Exercise: Nothing but the lines from the one containing "A Man Wearing" to the end of the data should be copied, exactly, and the pictures stay out.

Listed entries:

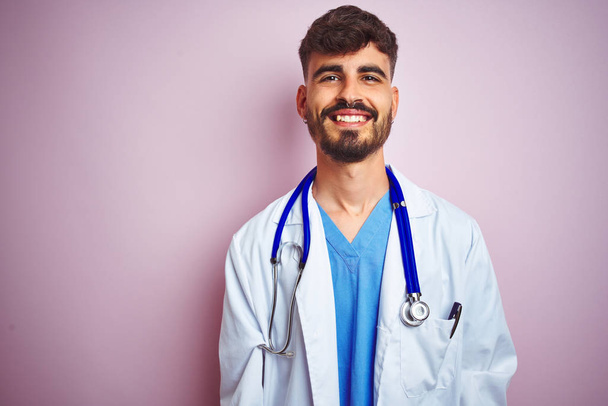 Young doctor man with tattoo wearing stethocope standing over isolated pink background with a happy and cool smile on face. Lucky person. - Photo, Image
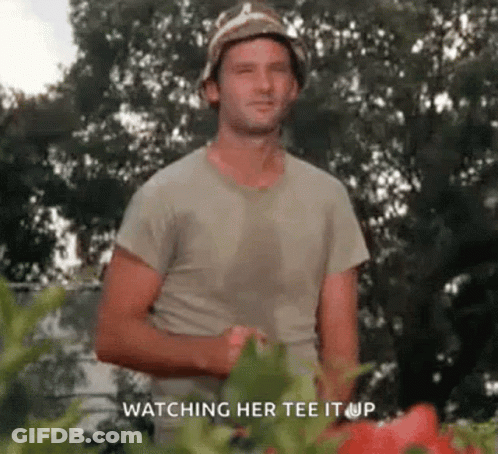 A Man Wearing A Hat And A T-Shirt Is Standing In Front Of A Garden . GIF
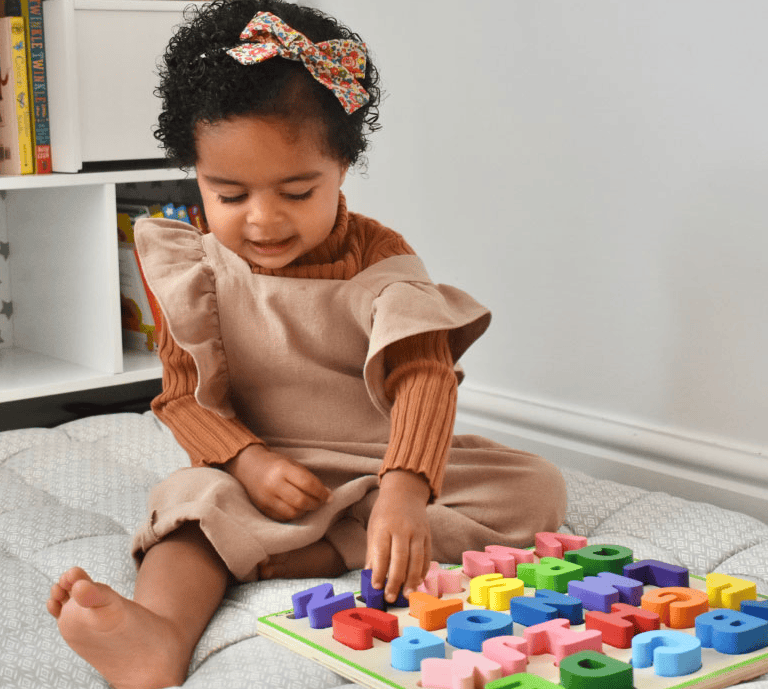 child playing with toys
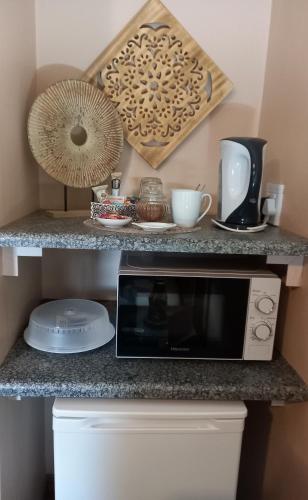 a kitchen counter with a microwave and a fan at Acacia Gastehuis in Kathu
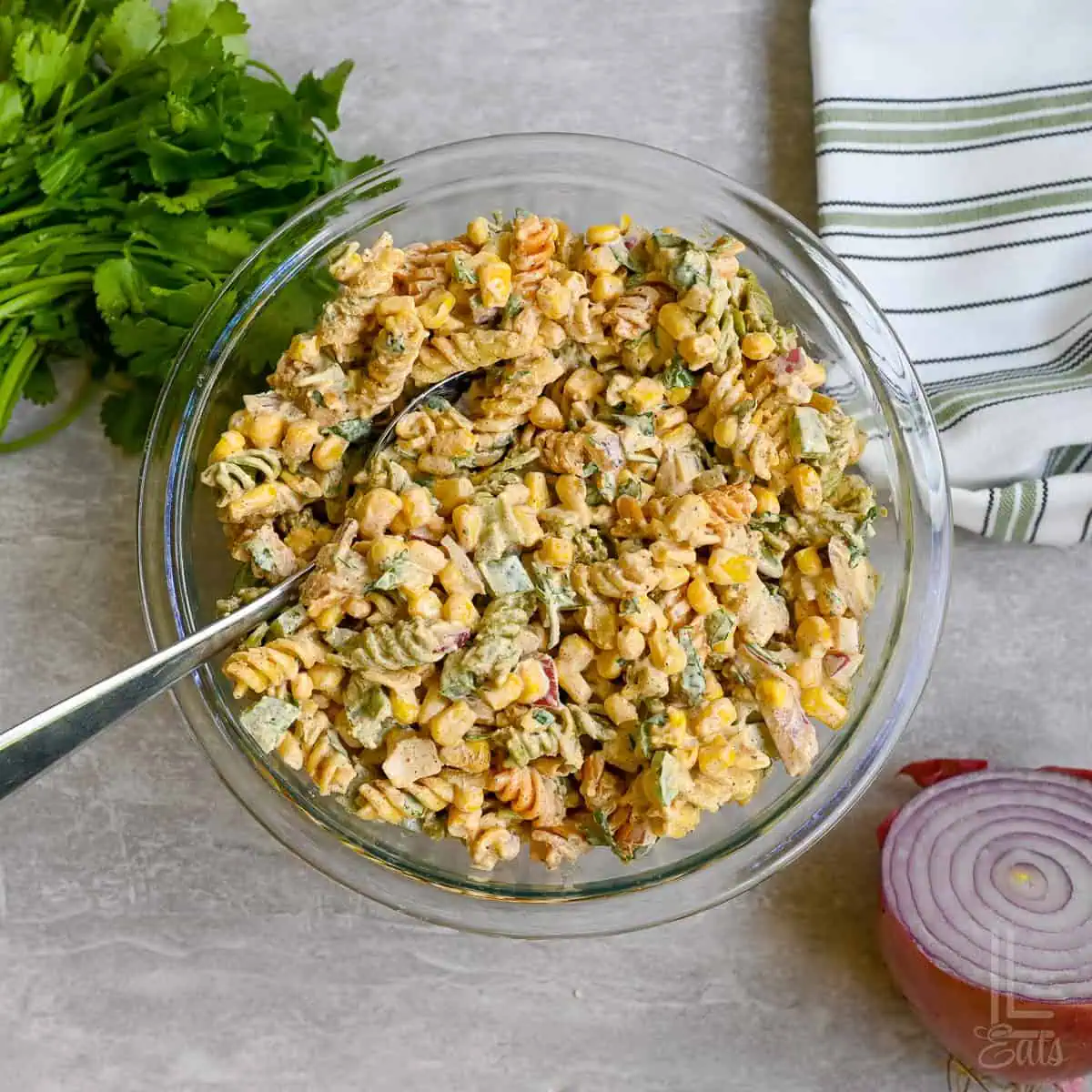 elote pasta salad in a bowl with a spoon, next to red onion, cilantro.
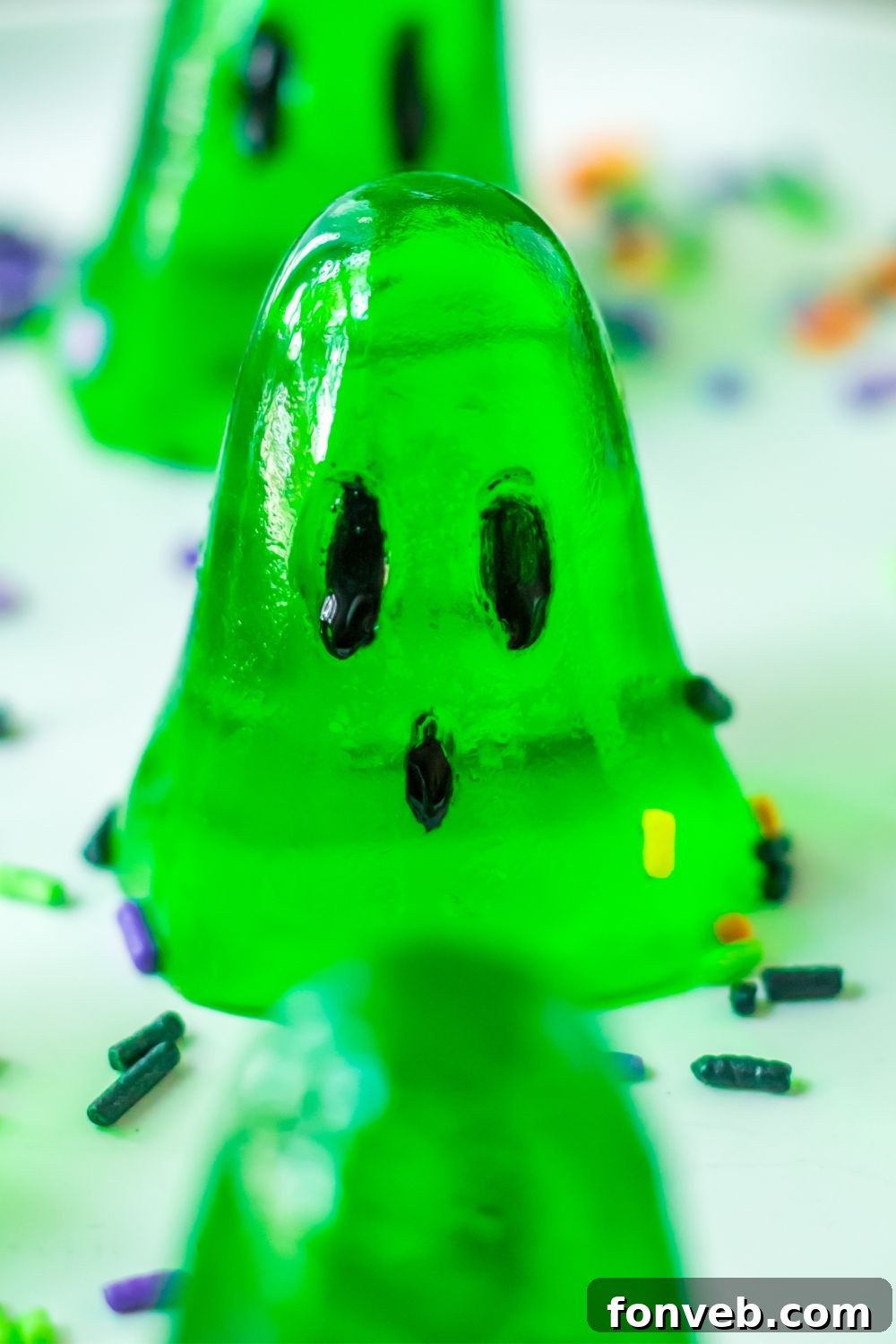 Spooky Spirit Shooters 8 A close-up of a single vibrant green ghost-shaped jello shot on a plate, surrounded by playful Halloween sprinkles.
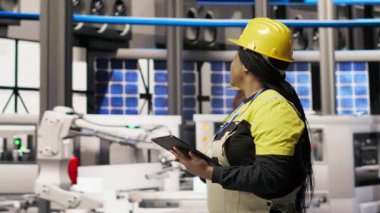 Güneş enerjisi kurulum sürecini denetleyen teknisyenler, otomatik makinelerin sorun çıkarması, yenilenebilir enerji üretim tesisinde robotik kolların kalibre edilmesi, kamera B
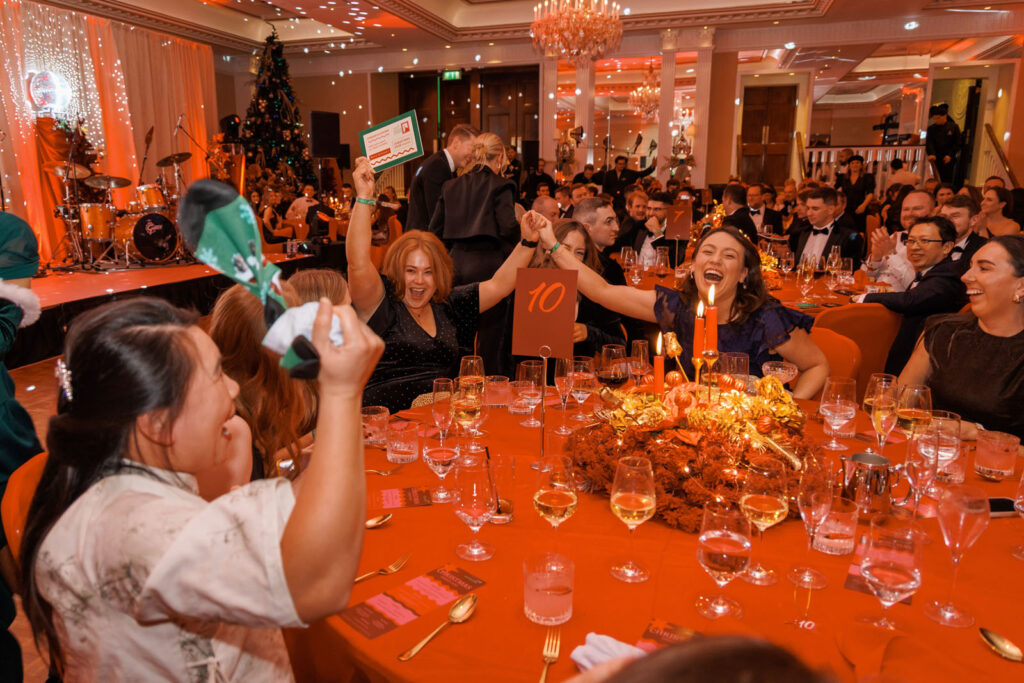 Joyful guests celebrating at a festive Christmas dinner party.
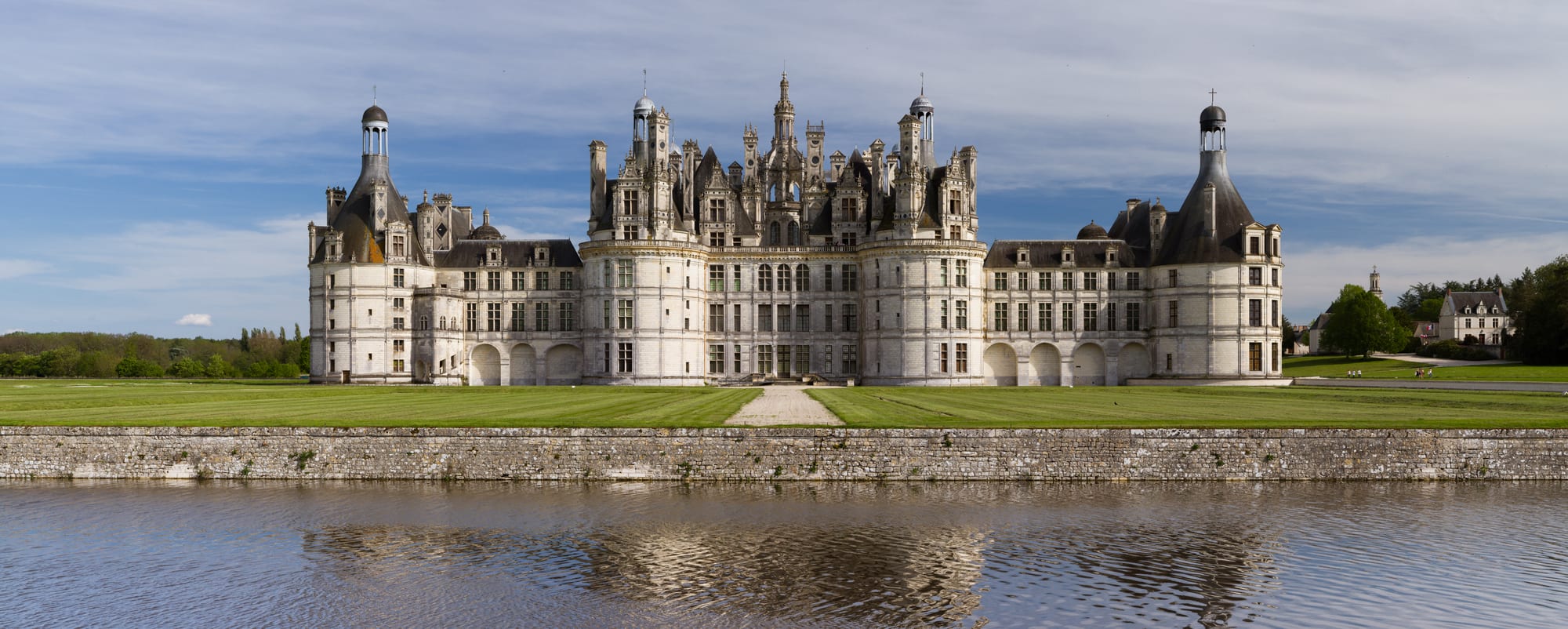 A huge Renaissance château bristling with towers, chimneys, and turrets, reflected in water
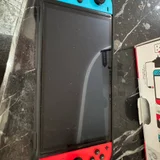 Nintendo Switch OLED Neon Blue/Red — moving van (photo 1)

Reply:
 A Man Wearing A Hat And A T-Shirt Is Standing In Front Of A Garden . GIF
 child playing with toys
 a kitchen counter with a microwave and a fan at Acacia Gastehuis in Kathu
 elote pasta salad in a bowl with a spoon, next to red onion, cilantro.
 Spooky Spirit Shooters 8 A close-up of a single vibrant green ghost-shaped jello shot on a plate, surrounded by playful Halloween sprinkles.
 Güneş enerjisi kurulum sürecini denetleyen teknisyenler, otomatik makinelerin sorun çıkarması, yenilenebilir enerji üretim tesisinde robotik kolların kalibre edilmesi, kamera B
 Joyful guests celebrating at a festive Christmas dinner party.
 A huge Renaissance château bristling with towers, chimneys, and turrets, reflected in water
 Nintendo Switch OLED Neon Blue/Red — moving van (photo 1)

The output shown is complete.